The amicus brief states, “Senator Durbin is uniquely positioned to offer an important perspective on the operation of the Durbin Amendment and how Illinois’ law aligns with it. This perspective will help the Court decide the pending motion and resolve the case.”
The amicus brief describes how IFPA is consistent with the Durbin Amendment’s intent. The Durbin Amendment created a ceiling—not a uniform standard—for debit interchange fees that card networks like Visa and Mastercard were facilitating on behalf of financial institutions that issued their network-branded cards. By imposing such constraints, the Durbin Amendment sought to reduce the billions of dollars per year in excessive debit interchange fees that were being charged to merchants and which were borne ultimately by consumers in the form of higher retail prices.
The amicus brief continues, “The purpose of the Durbin Amendment was to rein in centrally-fixed debit interchange fees that had been insulated from competitive market forces and resulted in excessively high fees that burdened merchants and consumers. The Durbin Amendment and its implementing Regulation II did so by establishing a fee maximum for any debit interchange fees that networks like Visa and Mastercard fixed on covered issuers’ behalf. The IFPA aligns with the Durbin Amendment’s text, structure, and purpose. Like the Durbin Amendment, the IFPA only applies to fees that are price-fixed by networks on behalf of issuers. The IFPA defines the fees it regulates as fees ‘established, charged, or received by a payment card network for the purpose of compensating an issuer for its involvement in an electronic payment transaction’—a definition that closely aligns with the Durbin Amendment’s definition.”

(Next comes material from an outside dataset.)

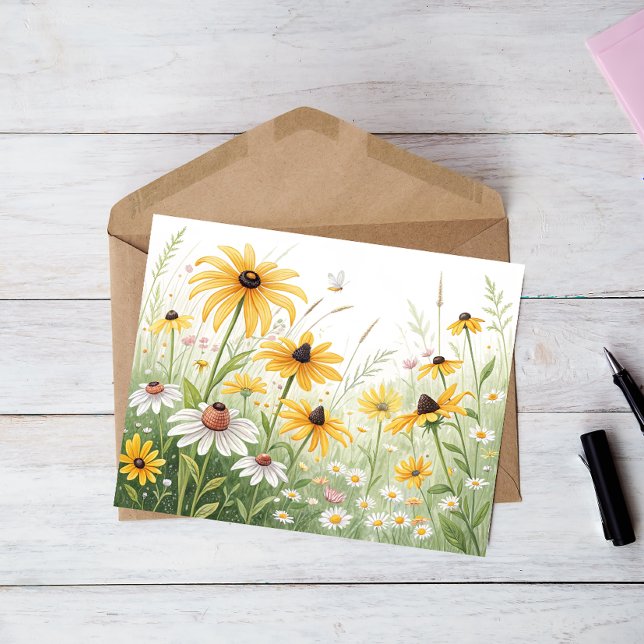 Tarjeta postal de pradera de flores silvestres – A (Subido por el creador)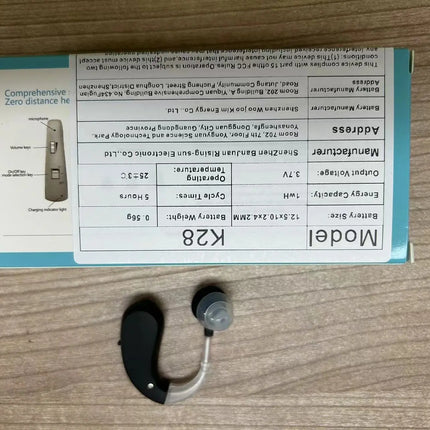 Enlarged hearing health earphones enhance ear sound protection for the elderly with hearing loss and tinnitus For Hearing Aid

The amicus brief concludes, “In short, the IFPA is both consistent with the Durbin Amendment and consistent with sound policy that will help protect merchants and consumers from excessive and anti-competitive fees.”
Durbin’s amicus brief to the District Court for the Northern District of Illinois can be read in full here.
In Congress, Durbin has made it a priority to protect consumers. Durbin’s Credit Card Competition Act is bipartisan legislation that would enhance competition and choice in the credit card network market, which is currently dominated by the Visa-Mastercard duopoly. It is estimated that businesses paid more than $100 billion in swipe fees on Visa- and Mastercard-branded cards in 2023 alone.
Building off of debit card competition reforms enacted by Congress in 2010, the Credit Card Competition Act would direct the Federal Reserve to ensure that the largest credit card-issuing banks offer a choice of at least two networks, one of which must be a network other than Visa and Mastercard, over which an electronic credit transaction may be processed.
Visa and Mastercard wield enormous market power in credit cards; according to the Federal Reserve, they account for nearly 576 million cards, or about 83 percent of general-purpose credit cards. Visa’s and Mastercard’s market power and network structure have enabled them to impose fees on U.S. merchants that are among the world’s highest, charging more than $100 billion in U.S. merchant credit card fees in 2023. These fees include interchange fees which Visa and Mastercard require merchants to pay to issuing banks, as well as network fees that Visa and Mastercard require merchants to pay directly to them. Consumers ultimately pay for all of these fees in the price of the goods and services they buy.